Output only the lines from the start of the entries through the line holding "King Mattress w/". Each line must match the original exactly.

-*-

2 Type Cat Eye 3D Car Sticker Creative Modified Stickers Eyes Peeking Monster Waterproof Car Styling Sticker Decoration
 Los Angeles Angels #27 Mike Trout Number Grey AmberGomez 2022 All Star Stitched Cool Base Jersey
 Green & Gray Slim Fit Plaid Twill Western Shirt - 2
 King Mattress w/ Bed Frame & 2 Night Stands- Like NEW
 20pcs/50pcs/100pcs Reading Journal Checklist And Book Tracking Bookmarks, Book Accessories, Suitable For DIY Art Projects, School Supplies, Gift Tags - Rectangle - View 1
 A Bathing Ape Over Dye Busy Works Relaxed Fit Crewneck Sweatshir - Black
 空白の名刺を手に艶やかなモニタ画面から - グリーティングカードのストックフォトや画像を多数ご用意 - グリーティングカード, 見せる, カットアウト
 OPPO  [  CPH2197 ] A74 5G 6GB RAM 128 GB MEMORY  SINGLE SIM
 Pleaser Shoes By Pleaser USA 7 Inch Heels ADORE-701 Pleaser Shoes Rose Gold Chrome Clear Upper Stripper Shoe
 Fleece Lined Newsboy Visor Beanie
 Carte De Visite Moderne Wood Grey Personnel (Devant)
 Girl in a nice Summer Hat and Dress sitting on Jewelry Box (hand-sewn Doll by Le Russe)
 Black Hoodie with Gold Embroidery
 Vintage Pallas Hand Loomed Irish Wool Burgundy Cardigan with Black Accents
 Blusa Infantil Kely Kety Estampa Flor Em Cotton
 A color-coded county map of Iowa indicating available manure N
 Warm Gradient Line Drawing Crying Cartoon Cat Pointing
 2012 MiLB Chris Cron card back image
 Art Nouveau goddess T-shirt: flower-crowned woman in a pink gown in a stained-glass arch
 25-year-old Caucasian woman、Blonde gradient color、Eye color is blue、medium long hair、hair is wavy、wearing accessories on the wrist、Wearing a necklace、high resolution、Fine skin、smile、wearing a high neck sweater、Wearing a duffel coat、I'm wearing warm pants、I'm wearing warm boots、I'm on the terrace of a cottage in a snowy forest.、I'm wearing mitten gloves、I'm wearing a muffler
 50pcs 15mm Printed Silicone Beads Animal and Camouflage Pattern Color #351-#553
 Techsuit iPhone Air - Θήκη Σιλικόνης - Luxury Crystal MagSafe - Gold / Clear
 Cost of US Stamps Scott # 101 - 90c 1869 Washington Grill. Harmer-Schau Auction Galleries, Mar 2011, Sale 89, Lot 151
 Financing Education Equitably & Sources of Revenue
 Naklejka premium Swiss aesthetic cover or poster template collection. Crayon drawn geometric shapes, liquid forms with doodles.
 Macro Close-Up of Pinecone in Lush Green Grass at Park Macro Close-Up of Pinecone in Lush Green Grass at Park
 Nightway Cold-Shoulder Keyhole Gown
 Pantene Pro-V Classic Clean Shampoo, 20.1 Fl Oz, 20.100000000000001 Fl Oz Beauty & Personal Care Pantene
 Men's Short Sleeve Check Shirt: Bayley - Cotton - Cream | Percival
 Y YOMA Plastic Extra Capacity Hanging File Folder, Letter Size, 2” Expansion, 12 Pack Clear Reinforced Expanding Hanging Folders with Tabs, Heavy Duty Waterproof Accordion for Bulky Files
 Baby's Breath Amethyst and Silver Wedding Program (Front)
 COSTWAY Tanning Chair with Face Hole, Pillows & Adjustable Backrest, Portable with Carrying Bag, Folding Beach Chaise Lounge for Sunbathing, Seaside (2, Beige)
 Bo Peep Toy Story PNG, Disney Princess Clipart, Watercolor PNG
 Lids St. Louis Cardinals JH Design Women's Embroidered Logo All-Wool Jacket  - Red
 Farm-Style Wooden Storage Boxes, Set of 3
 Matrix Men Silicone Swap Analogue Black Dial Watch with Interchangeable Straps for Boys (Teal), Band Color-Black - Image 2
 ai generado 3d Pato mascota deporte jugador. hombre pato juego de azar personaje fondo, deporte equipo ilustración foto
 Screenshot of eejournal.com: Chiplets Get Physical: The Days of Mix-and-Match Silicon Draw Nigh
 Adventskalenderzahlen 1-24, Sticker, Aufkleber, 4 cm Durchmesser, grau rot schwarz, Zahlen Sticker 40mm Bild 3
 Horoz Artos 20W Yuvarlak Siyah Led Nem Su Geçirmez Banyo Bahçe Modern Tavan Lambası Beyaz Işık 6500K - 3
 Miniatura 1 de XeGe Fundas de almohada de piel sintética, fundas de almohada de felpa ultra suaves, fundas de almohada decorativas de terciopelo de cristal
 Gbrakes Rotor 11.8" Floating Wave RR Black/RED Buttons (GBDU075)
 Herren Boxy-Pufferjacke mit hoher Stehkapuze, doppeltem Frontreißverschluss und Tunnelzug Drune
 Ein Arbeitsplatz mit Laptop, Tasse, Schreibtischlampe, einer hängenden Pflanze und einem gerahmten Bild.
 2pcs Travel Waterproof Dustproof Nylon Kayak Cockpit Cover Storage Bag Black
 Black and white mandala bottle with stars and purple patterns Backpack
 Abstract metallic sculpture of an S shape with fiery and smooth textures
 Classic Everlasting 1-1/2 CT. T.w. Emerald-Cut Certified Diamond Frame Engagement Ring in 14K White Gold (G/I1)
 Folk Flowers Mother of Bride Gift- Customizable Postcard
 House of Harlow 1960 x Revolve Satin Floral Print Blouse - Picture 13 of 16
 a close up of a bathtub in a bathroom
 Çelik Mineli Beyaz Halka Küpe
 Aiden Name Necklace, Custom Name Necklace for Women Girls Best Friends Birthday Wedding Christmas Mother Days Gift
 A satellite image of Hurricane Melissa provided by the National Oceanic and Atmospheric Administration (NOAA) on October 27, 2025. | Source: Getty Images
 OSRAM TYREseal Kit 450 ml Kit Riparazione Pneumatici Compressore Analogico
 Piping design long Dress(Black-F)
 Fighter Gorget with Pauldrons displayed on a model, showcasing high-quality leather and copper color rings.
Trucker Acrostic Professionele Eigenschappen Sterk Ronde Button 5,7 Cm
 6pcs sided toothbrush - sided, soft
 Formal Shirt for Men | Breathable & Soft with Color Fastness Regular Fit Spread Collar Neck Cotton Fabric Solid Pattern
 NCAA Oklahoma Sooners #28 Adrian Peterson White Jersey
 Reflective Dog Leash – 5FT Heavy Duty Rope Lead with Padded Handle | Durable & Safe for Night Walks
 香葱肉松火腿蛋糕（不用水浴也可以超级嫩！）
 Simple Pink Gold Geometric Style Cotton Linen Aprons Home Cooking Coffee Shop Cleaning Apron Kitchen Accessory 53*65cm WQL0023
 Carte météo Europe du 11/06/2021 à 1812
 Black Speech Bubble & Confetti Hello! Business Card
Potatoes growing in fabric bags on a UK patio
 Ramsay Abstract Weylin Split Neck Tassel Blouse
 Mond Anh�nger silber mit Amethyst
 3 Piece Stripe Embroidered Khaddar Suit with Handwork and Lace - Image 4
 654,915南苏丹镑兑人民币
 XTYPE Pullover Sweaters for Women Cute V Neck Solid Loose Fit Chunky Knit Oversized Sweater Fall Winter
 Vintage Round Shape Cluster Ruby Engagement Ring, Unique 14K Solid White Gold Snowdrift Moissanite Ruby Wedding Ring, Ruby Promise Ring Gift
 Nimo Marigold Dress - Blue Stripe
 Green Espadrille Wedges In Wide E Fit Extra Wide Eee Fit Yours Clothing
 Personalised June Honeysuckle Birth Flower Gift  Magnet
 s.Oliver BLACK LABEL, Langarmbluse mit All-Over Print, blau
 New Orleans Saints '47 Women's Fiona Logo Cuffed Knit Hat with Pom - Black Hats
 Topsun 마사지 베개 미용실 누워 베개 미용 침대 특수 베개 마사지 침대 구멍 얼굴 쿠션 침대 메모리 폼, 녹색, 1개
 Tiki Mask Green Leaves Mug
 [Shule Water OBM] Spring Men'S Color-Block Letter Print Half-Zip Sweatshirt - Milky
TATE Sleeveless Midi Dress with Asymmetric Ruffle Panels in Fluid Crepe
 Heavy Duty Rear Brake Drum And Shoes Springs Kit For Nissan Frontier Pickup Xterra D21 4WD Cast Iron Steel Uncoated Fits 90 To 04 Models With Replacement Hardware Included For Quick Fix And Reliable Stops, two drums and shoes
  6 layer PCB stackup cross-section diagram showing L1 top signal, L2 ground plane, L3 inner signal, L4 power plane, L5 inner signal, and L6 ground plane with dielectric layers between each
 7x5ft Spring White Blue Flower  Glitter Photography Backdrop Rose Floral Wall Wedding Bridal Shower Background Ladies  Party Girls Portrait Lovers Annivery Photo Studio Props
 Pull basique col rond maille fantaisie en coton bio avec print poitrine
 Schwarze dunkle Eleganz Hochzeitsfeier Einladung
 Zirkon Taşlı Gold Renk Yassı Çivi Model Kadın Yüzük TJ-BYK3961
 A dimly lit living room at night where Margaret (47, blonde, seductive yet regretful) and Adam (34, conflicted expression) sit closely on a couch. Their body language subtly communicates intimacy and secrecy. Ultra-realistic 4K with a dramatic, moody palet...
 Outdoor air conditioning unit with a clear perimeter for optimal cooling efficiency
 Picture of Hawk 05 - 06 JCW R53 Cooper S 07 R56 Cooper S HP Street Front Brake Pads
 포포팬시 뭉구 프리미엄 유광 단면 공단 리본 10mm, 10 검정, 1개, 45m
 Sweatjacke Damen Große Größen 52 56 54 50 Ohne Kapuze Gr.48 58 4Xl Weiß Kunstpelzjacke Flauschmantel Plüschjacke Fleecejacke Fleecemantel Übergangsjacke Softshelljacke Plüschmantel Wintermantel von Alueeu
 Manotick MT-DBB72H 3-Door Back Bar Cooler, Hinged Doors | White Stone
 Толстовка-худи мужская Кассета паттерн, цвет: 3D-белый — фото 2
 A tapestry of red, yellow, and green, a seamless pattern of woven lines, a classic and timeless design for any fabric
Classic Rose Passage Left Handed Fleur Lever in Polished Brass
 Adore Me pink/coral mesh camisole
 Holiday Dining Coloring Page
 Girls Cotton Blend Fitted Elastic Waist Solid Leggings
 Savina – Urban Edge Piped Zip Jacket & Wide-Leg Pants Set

-*-

Written answer >>
2 Type Cat Eye 3D Car Sticker Creative Modified Stickers Eyes Peeking Monster Waterproof Car Styling Sticker Decoration
 Los Angeles Angels #27 Mike Trout Number Grey AmberGomez 2022 All Star Stitched Cool Base Jersey
 Green & Gray Slim Fit Plaid Twill Western Shirt - 2
 King Mattress w/ Bed Frame & 2 Night Stands- Like NEW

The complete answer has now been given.